Because ++ is the "post increment" operator - it returns the value of the variable before it gets incremented.

The steps are:

• Take the value of i (before incrementing it) and remember it
• Increment i
• Assigned the remembered value to i

Answer 2

Because the post increment operator returns a temporal value (x´s current value) and then increments x.

Try it like this:

class T {
    public static void main(String args[]) {
        int x = 0;
        x = ++x;
        System.out.println(x);
    }
}

Answer 3

x = x++;

is equivalent to

 temp = x;

 x = x + 1;

 x = temp;

That's why the output is zero.

This operator is known as post increment operator. Other operator related to post increment operator is, per-increment operator.

x = ++x;

If you apply per-increment output will be 1.

Answer 4

Because you've used a postfix ++ operator, which means it's evaluated after the assignment. So first x = x is evaluated, so x stays as 0, and then x++ is evaluated, but the result is not assigned to anything.

You could use the prefix ++ operator to achieve your desired result: x = ++x;

From the docs:

The increment/decrement operators can be applied before (prefix) or after (postfix) the operand. The code result++; and ++result; will both end in result being incremented by one. The only difference is that the prefix version (++result) evaluates to the incremented value, whereas the postfix version (result++) evaluates to the original value.

Answer 5

x++ returns zero and then increments x.
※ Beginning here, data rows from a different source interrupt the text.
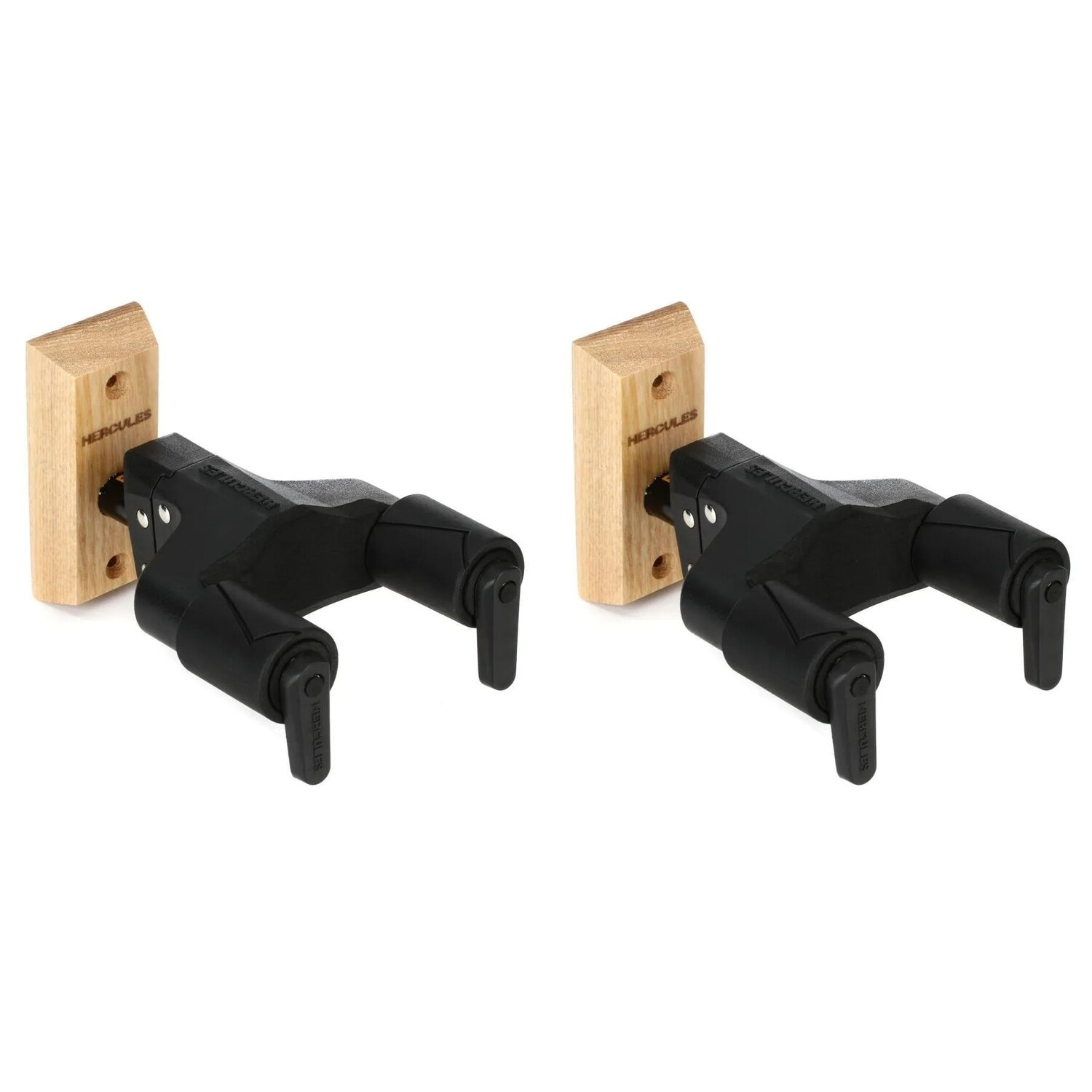 Новые стойки Hercules GSP38WB PLUS с деревянным основанием и коротким кронштейном, настенное крепление для гитары, вешалка для гитары с автоматической системой захвата - натуральный цвет (2 шт.)
Новые стойки Hercules GSP38WB PLUS с деревянным основанием и коротким кронштейном, настенное крепление для гитары, вешалка для гитары с автоматической системой захвата - натуральный цвет (2 шт.)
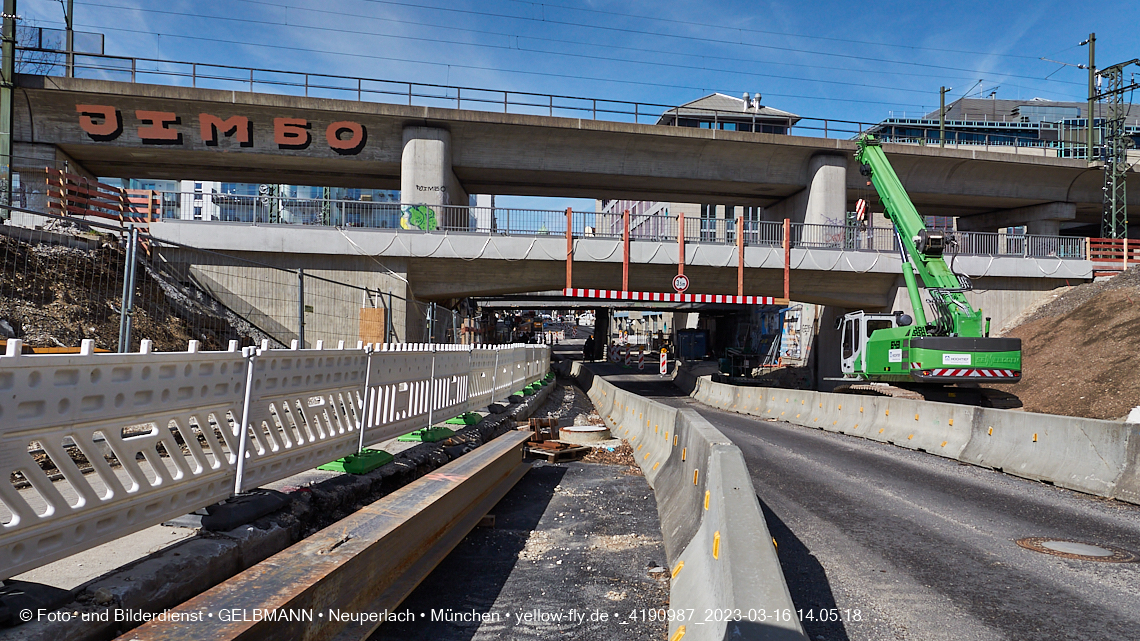 16.03.2023 - Neubau der Eisenbahnbrücke in der Balanstraße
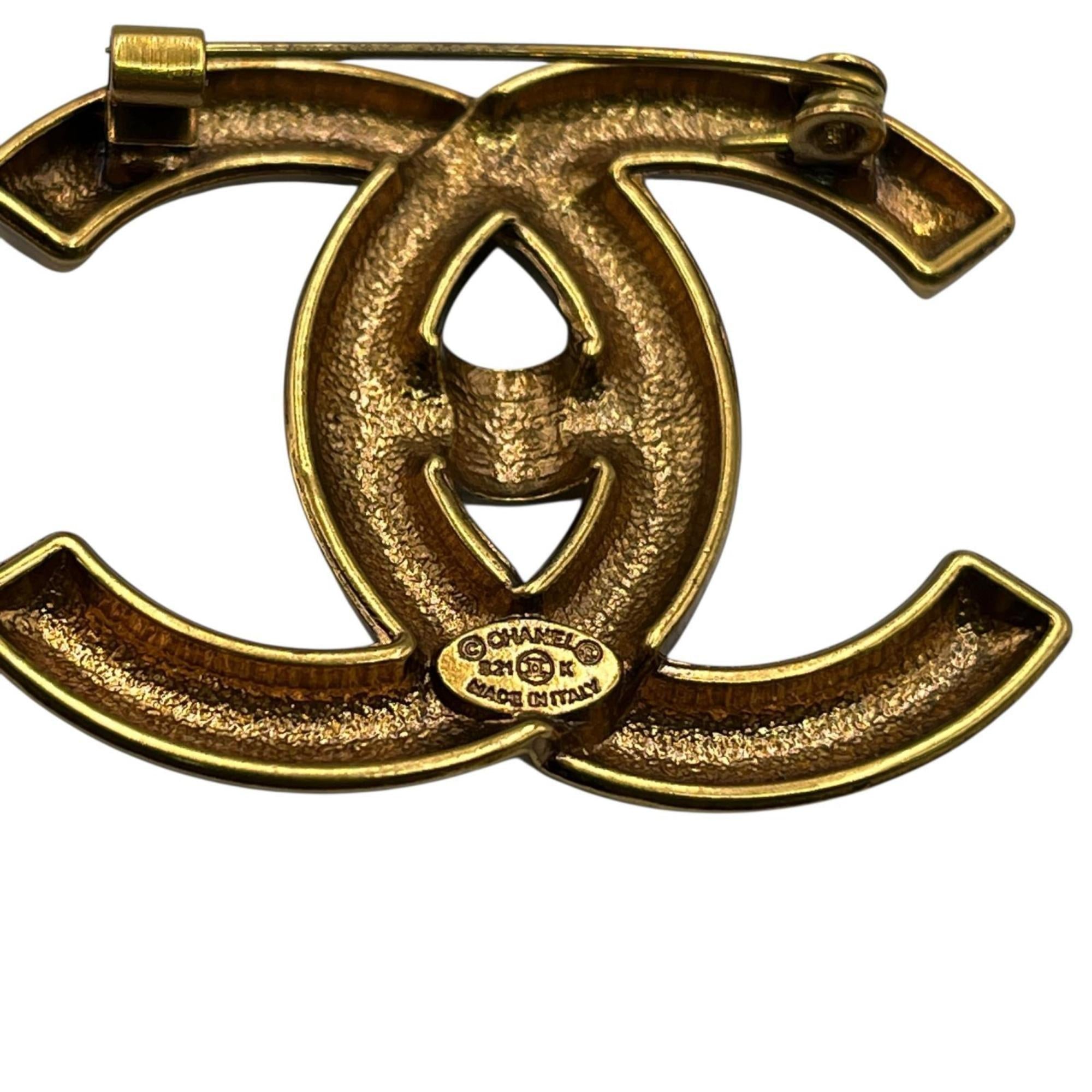 CC Logo Brooch Metal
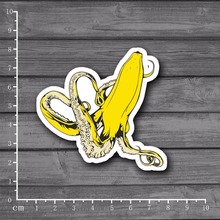 Banana Octopus On Laptop Notebook Skin Stickers Snowboard Luggag Car Styling Home Decal For kid Toy Suitcase Stickers[Single] 2024 - buy cheap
The assignment x = x++ sets x (after it has been incremented) to the return value of x++, which was 0.

Answer 6

because ++ after is add after the program runs. you can fix it by the following two ways

class T {
    public static void main(String args[]) {
        int x = 0;
        x = ++x;
        System.out.println(x);
    }
}

or

class T {
    public static void main(String args[]) {
        int x = 0;
        x += 1;
        System.out.println(x);
    }
}

Answer 7

It's because x++ effectively means, "use the value stored in x and then increment it". If you want to increment the value before you use it, do ++x instead.

Answer 8

I don't now that it will make a difference in the output, but you don't need the import and you can change:

x = x++;

to:

x++;

Answer 9

Showing example of post increment with regular increment, as previous answerers said:

class T { 
    public static void main(String args[]) { 
        for (int i = 0; i < 6; i++) {
          int x = 0; 
          x = x+1+i; 
          System.out.println(x); 
        }
    } 
} 

Answer 10

The first result of this search is this link.
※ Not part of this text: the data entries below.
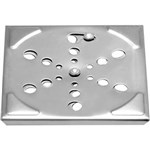 Ficha técnica e caractérísticas do produto Grelha Quadrada em Aço Inox 9,5x9,5 para Banheiro com Sistema Abre e Fecha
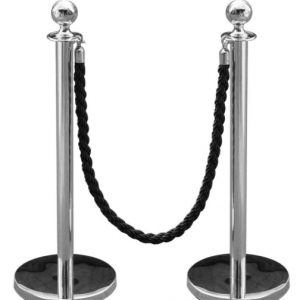 Queue Rope Barriers - Stainless Steel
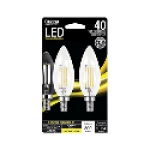 Feit Electric BPCTC40927CA/FIL2/RP 120 V 300 Lumens Torpedo Clear LED Light Bulb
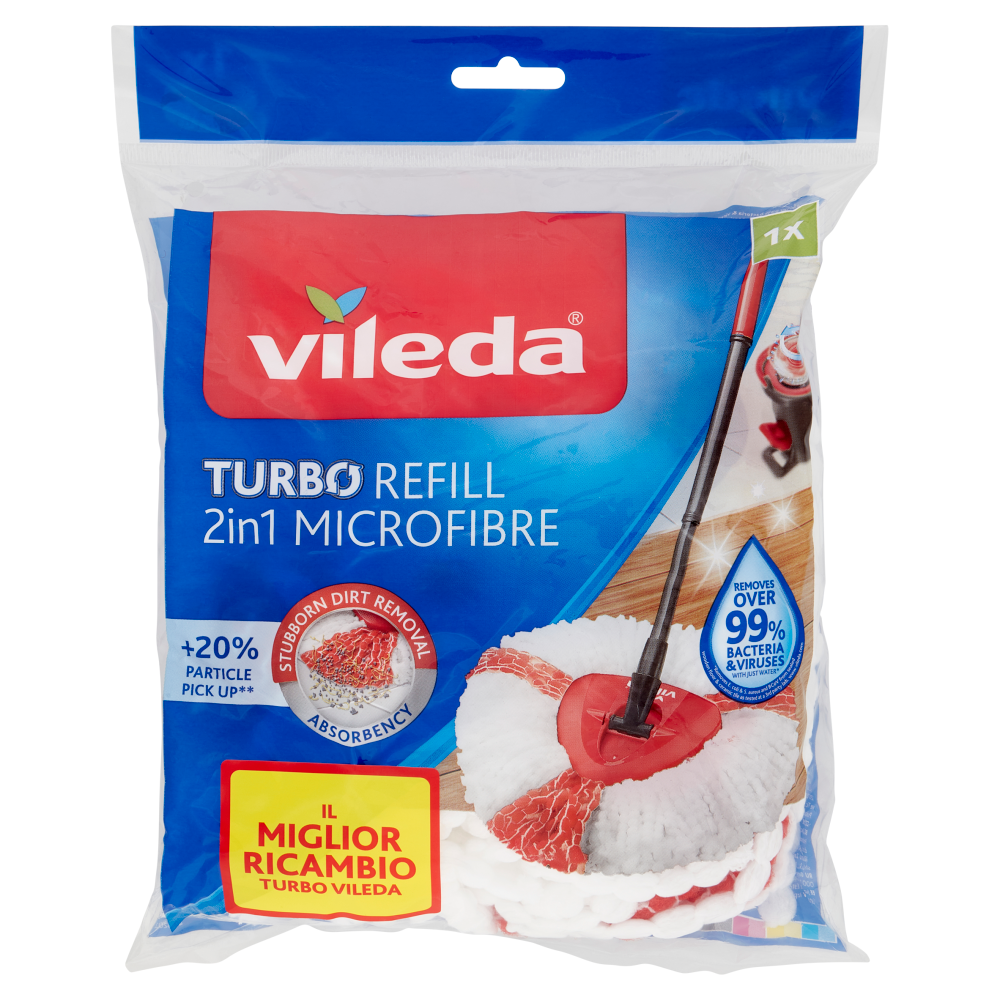 VILEDA TURBO REFILL 2IN1 MICROFIBRE MOP 1PZ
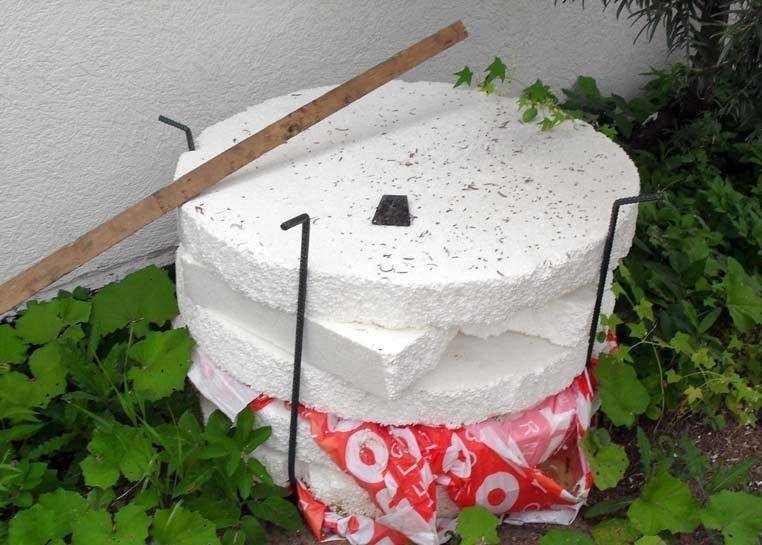 Matériaux et travaux d'isolation du puits pour l'hiver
The reason it behaves as observed is because of the interaction between the operator precedence and the odd "return value" of the ++ operator. The postfix increment happens first (see your favorite copy of the operator precedence chart); but postfix, by definition, returns the previous value of the variable. So that "return value" is not "original x plus one", but instead just "original x" (x, at this point, actually contains the incremented value). This returned value is then assigned to x, which overwrites what the ++ did in the first place. IOW, in the expression x=x++, the incremented value is lost, overwritten by the assignment that happens last.

Google is your friend! :)

Answer 11

Explanation of what you are doing:

class T {
    public static void main(String args[]) {
        int x = 0; // x is zero
        x = x++;  // assign x to be x (which is 0). 
                 //  then increment a non-existant variable by 1
        System.out.println(x); //print 0
    }
}